Scaling Up Natural Language Understanding for Multi-Robots Through the Lens of Hierarchy

Authors:

Shaojun Xu、Xusheng Luo、Yutong Huang、Letian Leng、Ruixuan Liu、Changliu Liu

Paper:

Introduction

Long-horizon planning in multi-robot systems is fraught with challenges such as uncertainty accumulation, computational complexity, delayed rewards, and incomplete information. This paper proposes a novel approach to exploit task hierarchy from human instructions to facilitate multi-robot planning. By leveraging Large Language Models (LLMs), the authors introduce a two-step method to translate multi-sentence instructions into a structured language, Hierarchical Linear Temporal Logic (LTL), which serves as a formal representation for planning.

Related Work

Language-Conditioned Robotic Planning

There are two primary methods for generating actions from instructions:
1. Deep-Learning Techniques: These translate instructions into low-level actions, such as joint states. Examples include Open-X Embodiment and Octo.
2. Intermediate Representation: Instructions are first translated into an intermediate representation, then off-the-shelf solvers generate actions. This approach reduces the need for extensive data.

Natural Language to Temporal Logic

Temporal logics are effective for goals involving temporal constraints and providing performance assurances. Initial adaptations used grammar-based methods, but recent efforts leverage LLMs for such reasoning tasks. However, these models focus on the translation process and do not tackle the challenges of language grounding in robotics.

LLMs to Multi-Robots

Recent trends adapt LLMs for multi-robot systems. Examples include SMART-LLM, which synthesizes code for task decomposition and allocation, and Roco, which uses a dialogue-based approach for task coordination. However, these works primarily focus on finding feasible solutions rather than optimizing cost and time.

Preliminary

Linear Temporal Logic (LTL)

LTL is composed of atomic propositions and operators like conjunction (∧), negation (¬), next (⃝), and until (U). The paper focuses on syntactically co-safe LTL (sc-LTL), which is suitable for reasoning about robot tasks with finite durations.

Hierarchical LTL

Hierarchical LTL includes multiple levels, where each specification at a higher level is constructed from specifications at a lower level. This hierarchical structure aligns well with human instructions.

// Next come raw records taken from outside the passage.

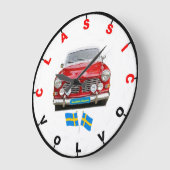 Klassieke Volvo Wandklok (Hoek)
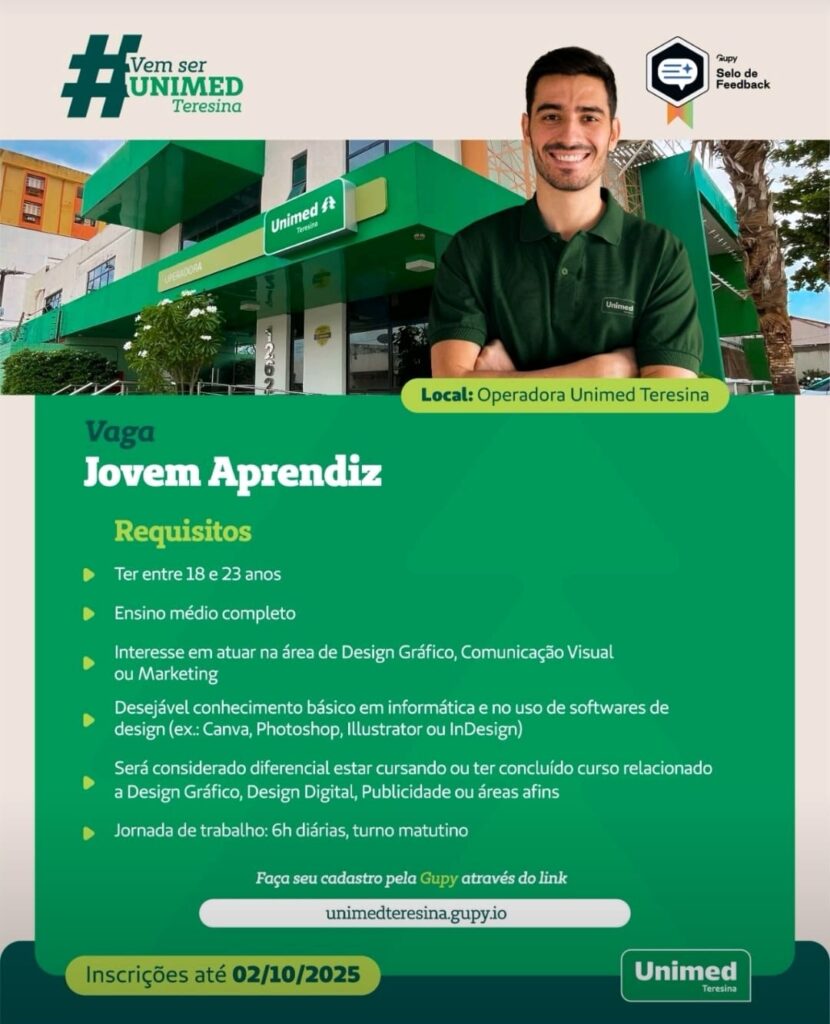 Vaga para Jovem Aprendiz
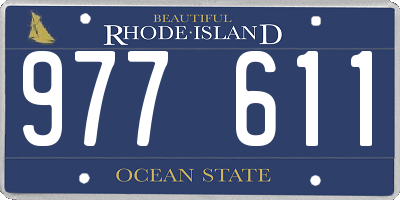 RI license plate 977611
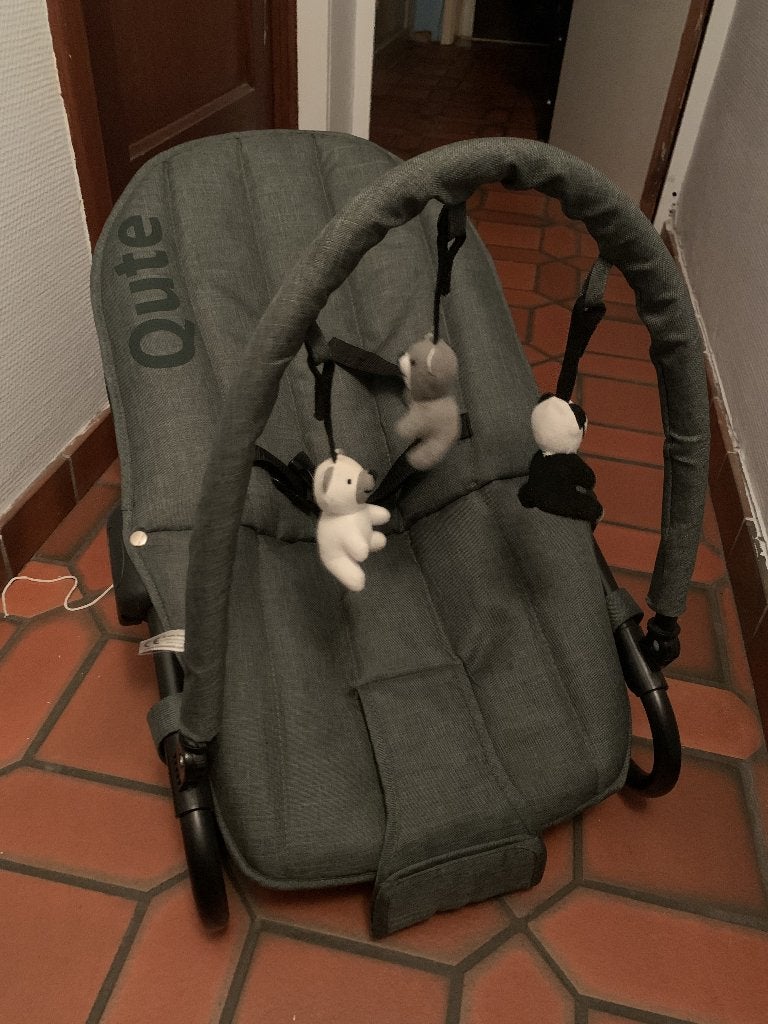 Qute Q-sofa wipstoel, Enfants & Bébés, Autres marques, Avec ceinture(s), Comme neuf, Enlèvement
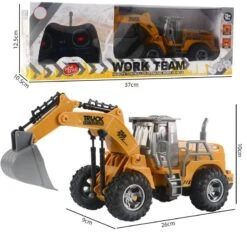 1:32 5 Channels Remote Control Engineering Truck Mini Excavator Bulldozer Tractor Dump Truck -Children Toys Sale RemoteControlEngineeringCar 9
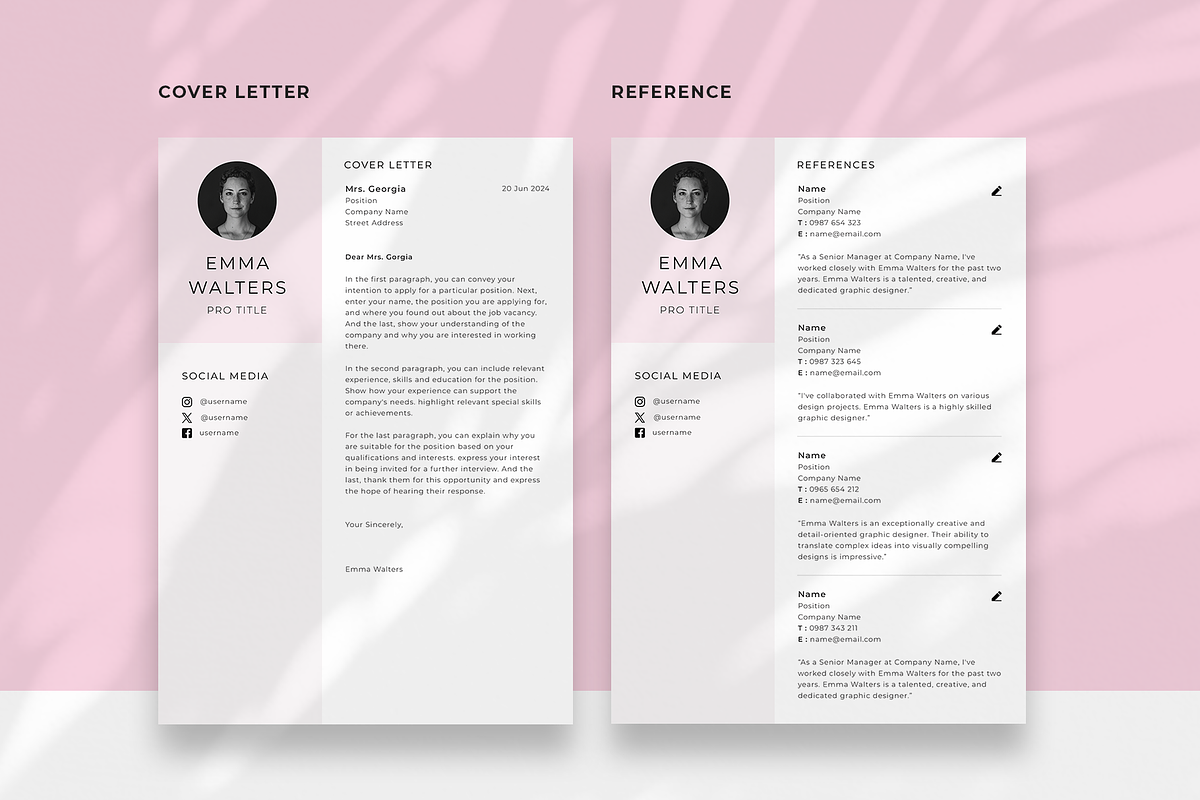 Modern Resume Template, a Resume Template by createbyadam (Photo 3 of 5)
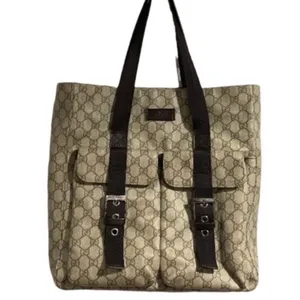 Gucci Supreme GG shopper tote authentic Leather & canvas Very good condition thumbnail 12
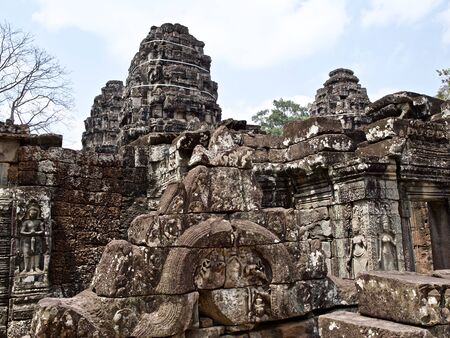 Architecture of ancient temple complex Angkor, Siem Reap, Cambodiaの写真素材
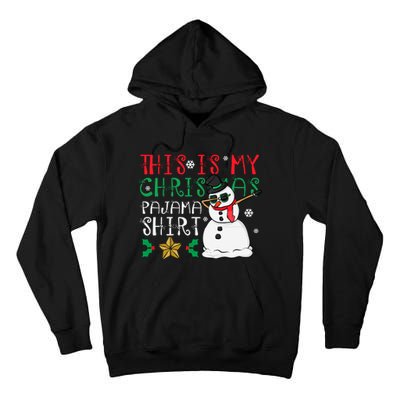 This Is My Christmas Pajama Holiday Tall Hoodie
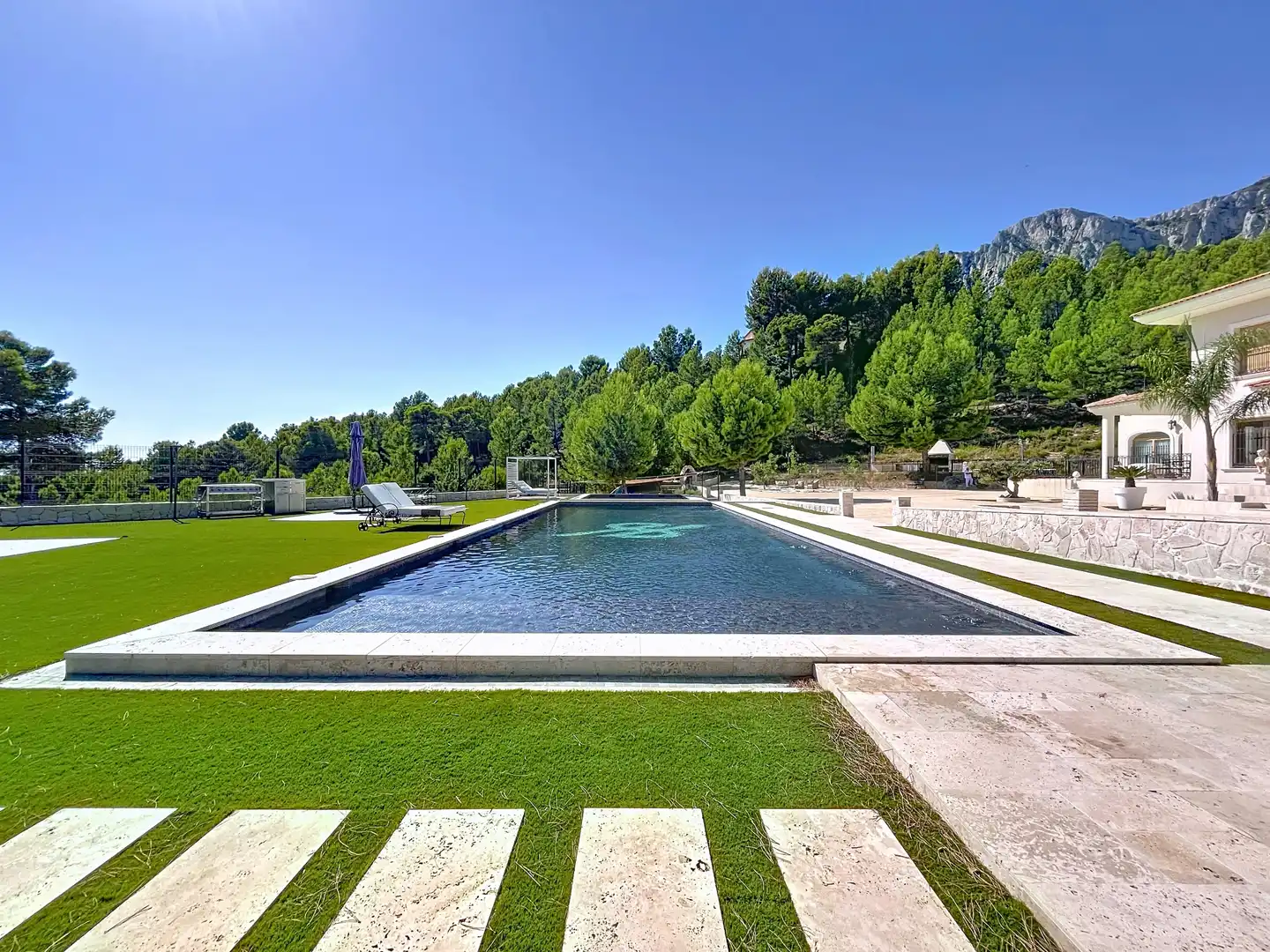 Piscina de Casa o chalet en venta en La Nucia con Jardín privado, Terraza y Piscina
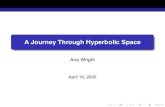 A Journey Through Hyperbolic Spaceawright14/A Journey Through... · A Journey Through Hyperbolic Space Ana Wright April 16, 2020. university-logo-udel Hyperbolic Geometry ... Split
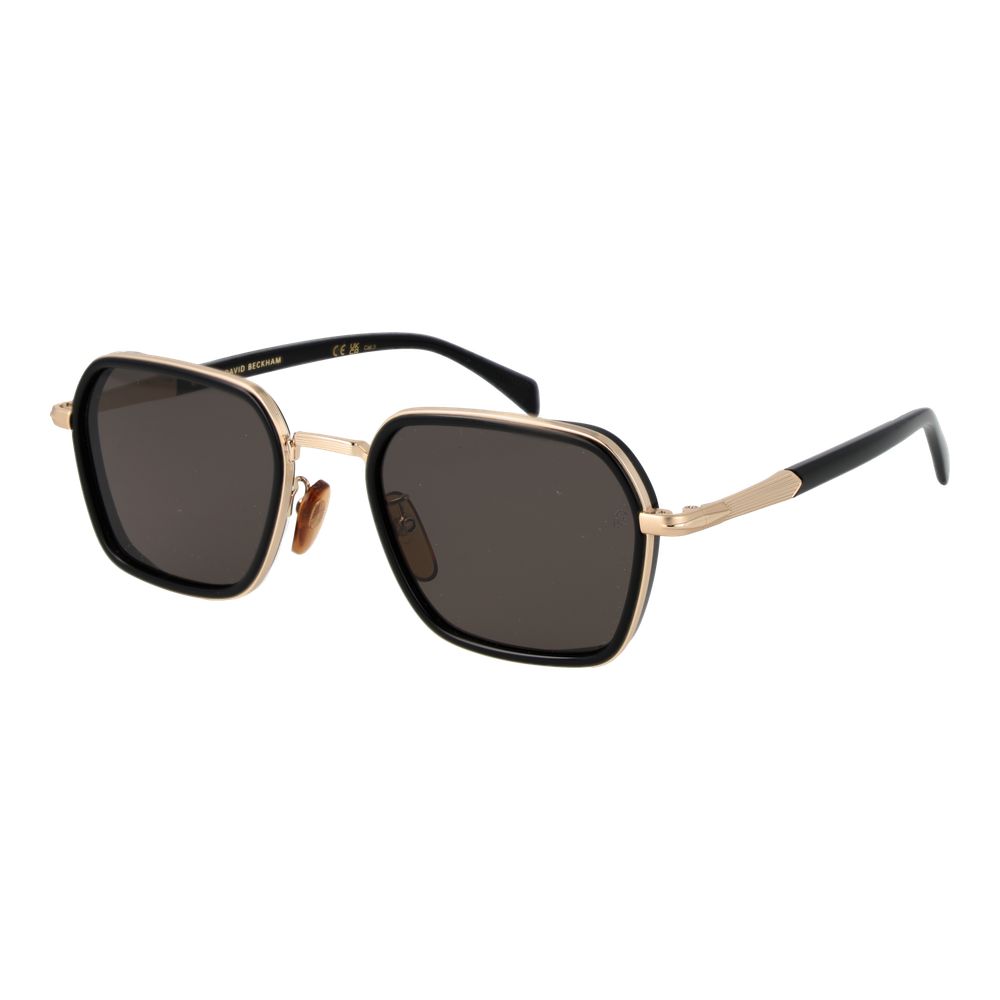David Beckham Gold Metal Sunglasses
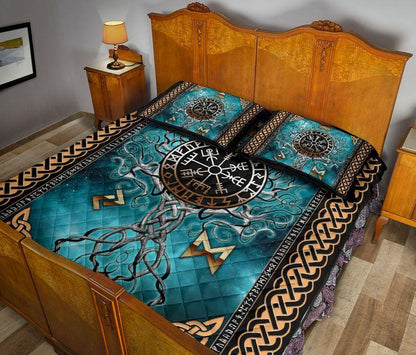 LOVE VIKING QUILT BED SET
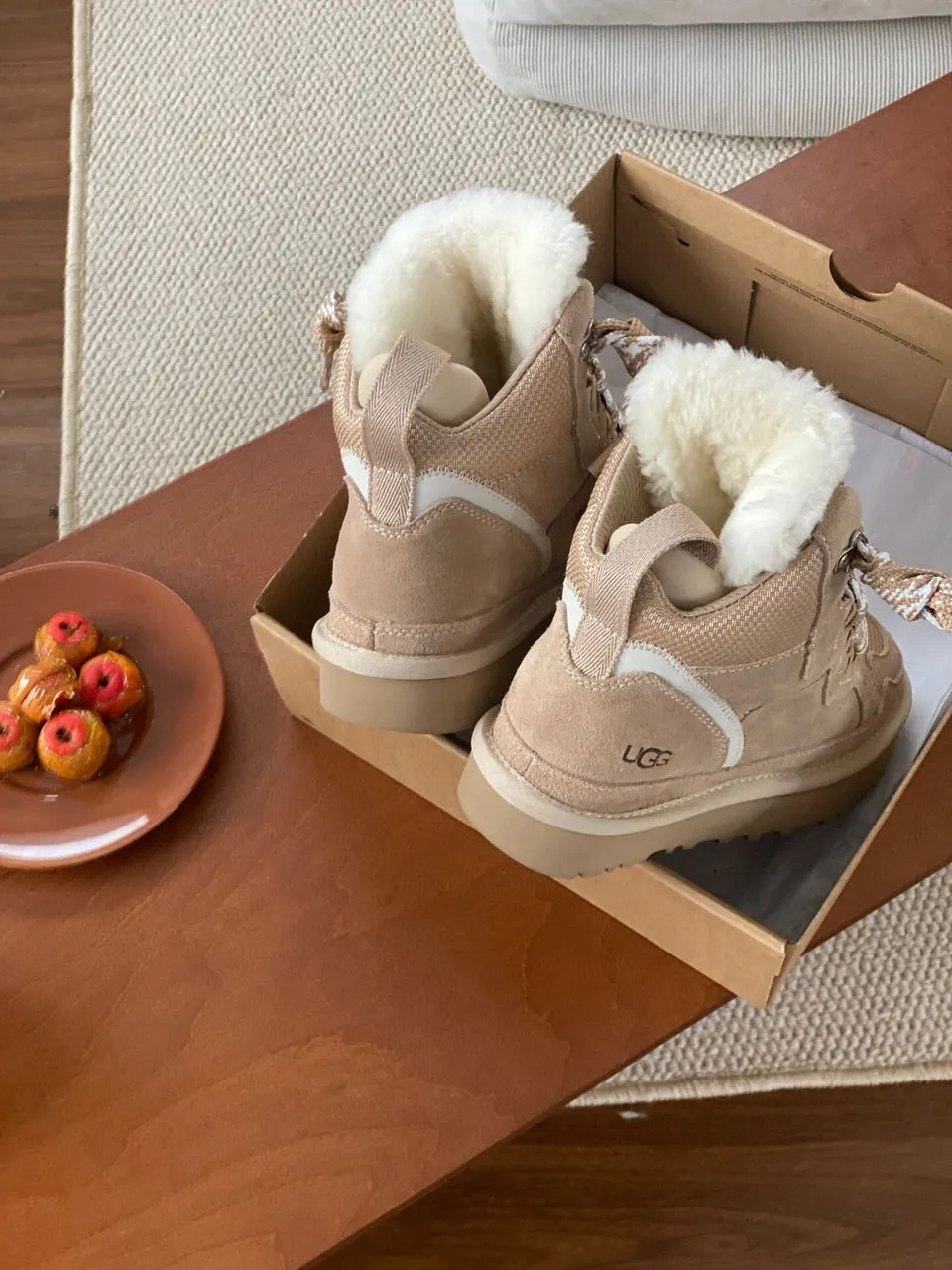 Tahoe Essentials X UGG Fuzzy Boots – Wrap Your Feet in Cozy Comfort and Iconic Style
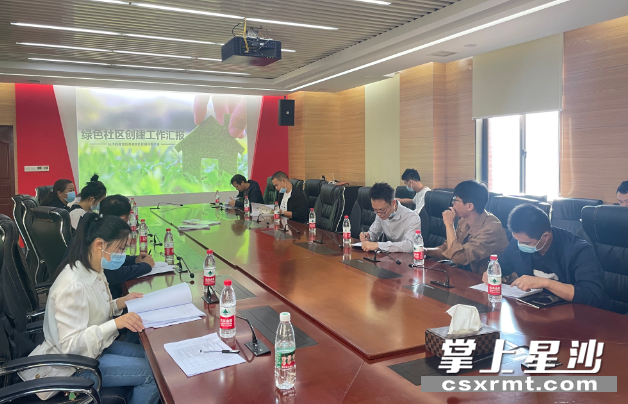 考评现场。长沙县住建局供图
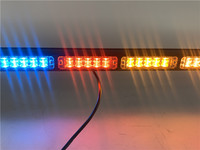 Golddeer 48 pulgadas de alta potencia 3 vatios Leds coche estroboscópico luz intermitente/LED asesor de tráfico barra de luz direccional SL255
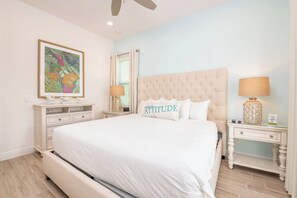 3 chambres, coffre-fort, fer et planche à repasser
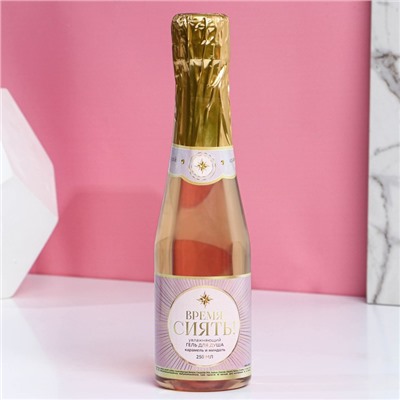Подарочный набор женский «Весна в сердце», гель для душа во флаконе шампанское и крем для тела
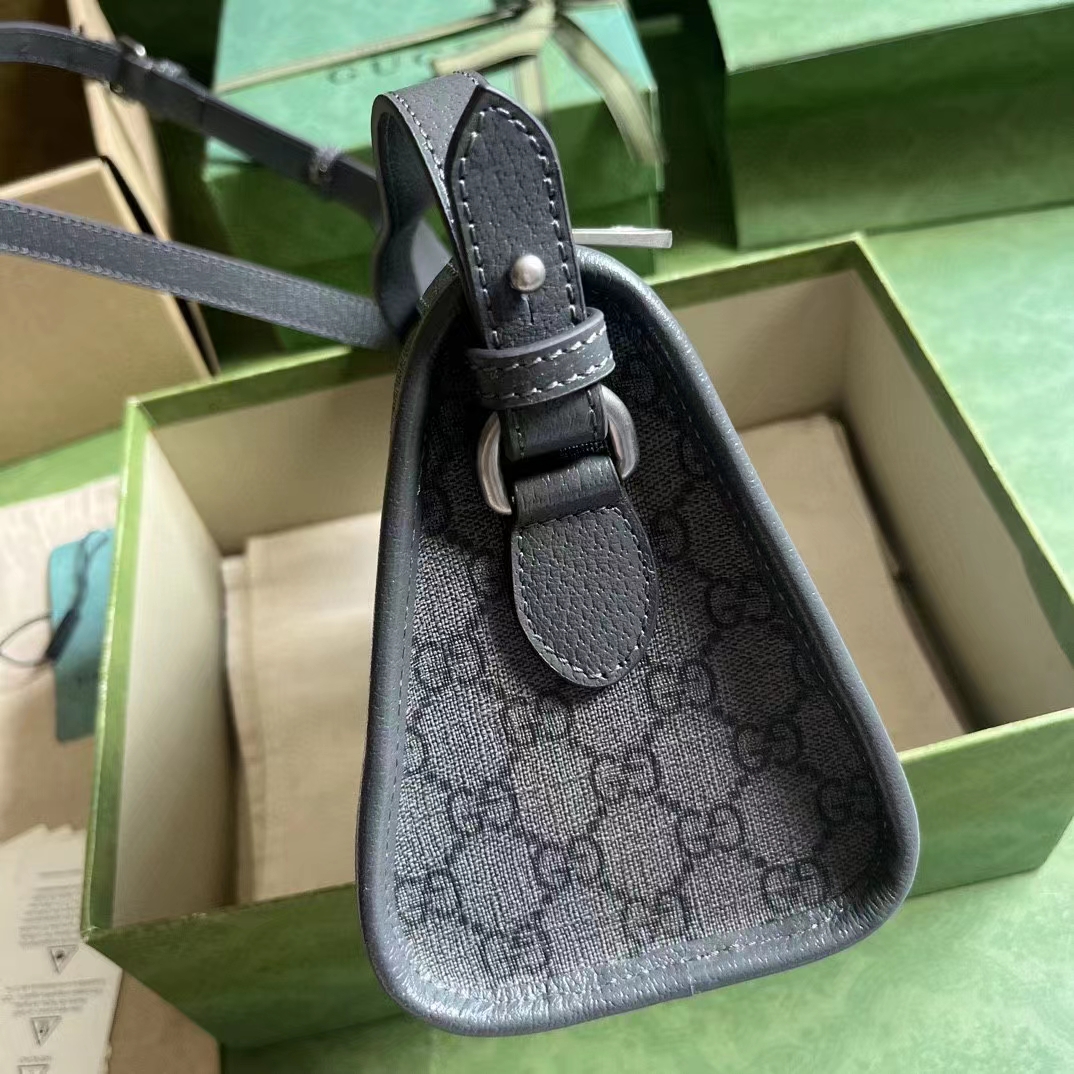 G*u*i gg unisex ophidia gg messenger bag grey black gg supreme canvas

Example: Dishwasher Loading Problem

The hierarchical LTL for loading a dishwasher is:
– L1: ϕ1_1 = ♢(ϕ1_2 ∧ ♢ϕ2_2)
– L2: ϕ1_2 = ♢πl_plates ∧ ♢πl_mugs ∧ ♢πl_utensils
– L2: ϕ2_2 = ♢(πu_saucers ∧ ♢πu_cups)

Natural Language to Hierarchical LTL

The authors propose a two-stage method for translating natural language into hierarchical LTL using an intermediary structure known as the Hierarchical Task Tree (HTT).

Conversion from Human Instructions to Hierarchical Task Tree

HTT without Temporal Relations: LLMs decompose the overarching task into a structured hierarchy.
Add Temporal Relations: LLMs determine the temporal relations between sibling tasks within the HTT.

Generation of Task-wise Flat LTL Specifications

Once the HTT representation is obtained, a single flat LTL specification is generated for each node using a breadth-first search algorithm.

Experimental Results

The performance of the proposed method is evaluated in both simulated and real-world environments.

Mobile Manipulation Tasks in AI2-THOR

Tasks from the ALFRED dataset are used to create derivative tasks, which are categorized based on the number of base tasks. The results show that the proposed method achieves higher success rates and lower costs compared to SMART-LLM.

Real-World Rearrangement Experiments Involving Human Participants

A tabletop experiment with a robotic arm placing fruits and vegetables onto colored plates is conducted. The results demonstrate the adaptability of the method to various verbal styles and its effectiveness compared to existing methods.

Multi-Robot Handover Tasks

The execution of pick-and-place tasks involving multiple objects by four fixed robot arms is examined. The results indicate that the proposed method effectively manages multi-stage handover tasks.

Conclusions and Limitations

The proposed method transforms unstructured language into a structured formal representation with a hierarchical structure. The simulation and real-world experiment outcomes demonstrate that the framework offers an intuitive and user-friendly approach for deploying robots in daily situations.

Limitations

Open Loop Operation: The framework operates as an open loop without feedback. Integrating a syntax checker and a semantic checker is essential for transitioning to a closed-loop system.
Static HTT Representation: Once created, the HTT representation remains unchanged. To handle tasks with more base tasks, it is necessary to restructure the HTT to restrict the number of child tasks a single parent task has.